What can we expect? “Welcome home,” the staff all say when you arrive, and there is something of a homely feeling to the place. It’s billed as an “oasis midway between airport and city”, although it’s worth bearing in mind that, while the interior is indeed a serene departure from hot, dusty, busy National Highway 6, which passes on the other side of the hotel’s white-washed walls, the centre of town is only about 8km and 18 minutes by car from Siem Reap International.
Built seven years ago, as a 50th birthday gift for the original owner’s wife, the hotel (I hesitate to use the word “resort”) is designed in the style of a traditional Khmer villa – you first enter a welcoming area, behind which is the restaurant and, further back, the accommodation, built in two storeys around a swimming pool. Anantara took the hotel over three years ago, and is undertaking a rolling, small-scale upgrade. Among other alterations, more foliage will be added to the small over-water deck (below) that graces each of the ground-floor rooms, adding some much needed privacy.
What will that foliage be hiding?

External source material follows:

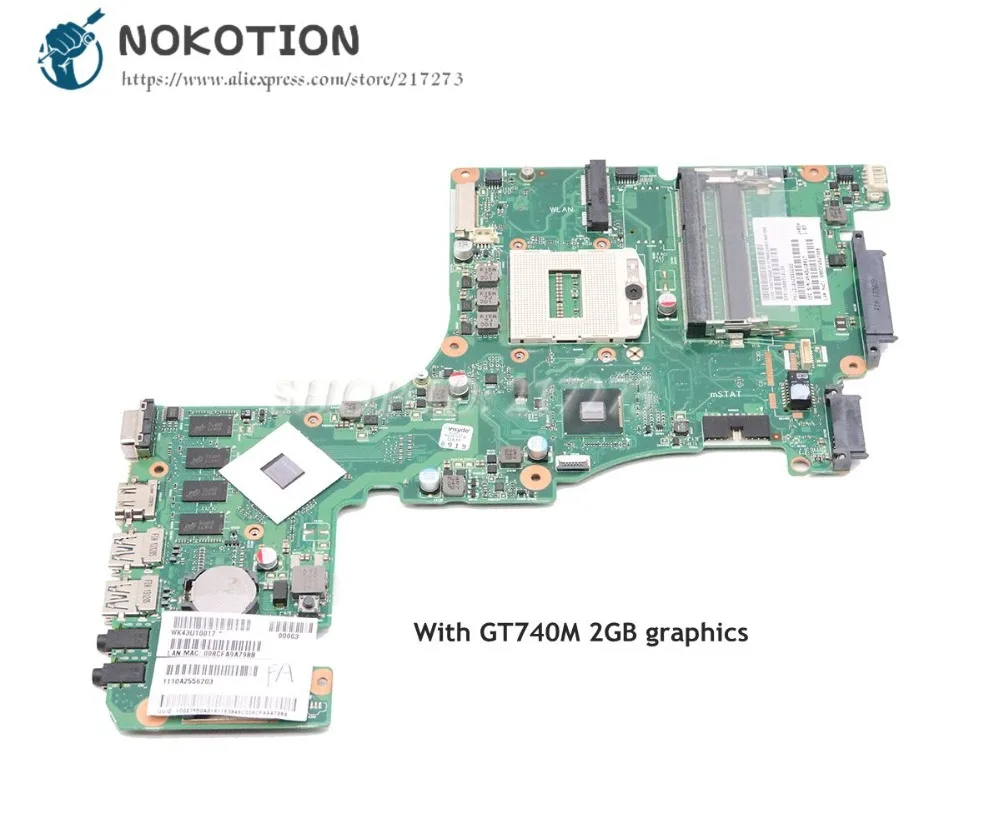 Материнская плата NOKOTION для ноутбука Toshiba Satellite L50 L50-A DDR3L GT740M 2 Гб V000318130 1310A2556203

If you were to peep into one of the 39 rooms and suites, you’d see teak furniture and louvre blinds (which conceal or reveal the bathroom), rich textiles and local art, all under a tall ceiling and over a hard-wood floor and hand-woven mats.
And the restaurant? Hanging from the ceiling of The Sothea, named after the aforementioned wife, are handmade brass chandeliers reminiscent of the chats, or umbrellas, Khmer Buddhists believe offer divine protection to royalty. You may not eat quite like a king beneath them, but the international/Khmer menu, inspired by whatever’s fresh in the market, will have you coming back for more, which is just as well, since there are not many dining options in this part of town.

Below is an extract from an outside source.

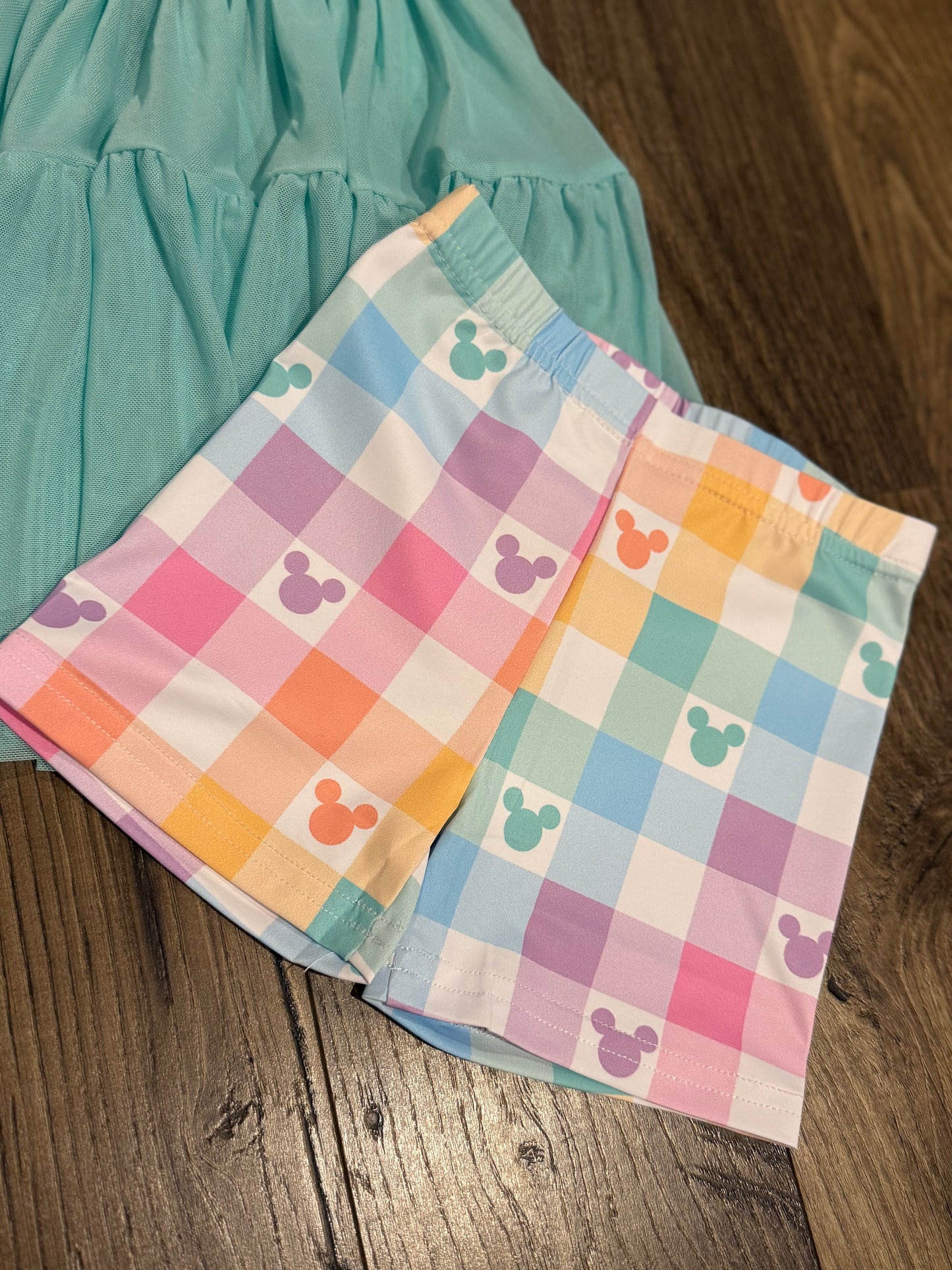 Pastel gingham Park Active Dress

What does lie beyond those white-washed walls? Well, there is a modest little attraction the locals like to call Angkor Wat, which is worth a little of everybody’s time. The front desk will organise a car and guide, to lead you through the permit-purchasing process then out to the most prominent sites, 7km and more away. The kitchen prepares a light picnic for the dawn chasers and feeds them a full breakfast upon their return. There’s more to Siem Reap than its temples, though, and next door to the Anantara is the Cambodian Cultural Village, a kitsch but nevertheless pleasant stroll through replica tribal villages and around miniature versions of the nation’s most revered buildings (below).

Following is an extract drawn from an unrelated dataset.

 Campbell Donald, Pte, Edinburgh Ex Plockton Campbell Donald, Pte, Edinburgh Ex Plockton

On the down side, tucked away in the complex – almost as if it were an embarrassment – is a menagerie of miserable-looking specimens in cramped cages. Similarly dejected looking are the shot-up relics of Cambodia’s turbulent past at the nearby Siem Reap War Museum, which is recommended only for the most devout of Russian military hardware aficionados.
One of the most underrated of Siem Reap’s pleasures is a ride around town in a tuk-tuk, even if it’s not the plush model the hotel provides for complimentary lifts. Follow that with a visit to the hotel spa, and all will seem right with the world.
What’s the bottom line? A deluxe room will set you back a nightly US$260, which includes breakfast and a mobile phone, to be used to call for a ride “home” after a jaunt into Siem Reap.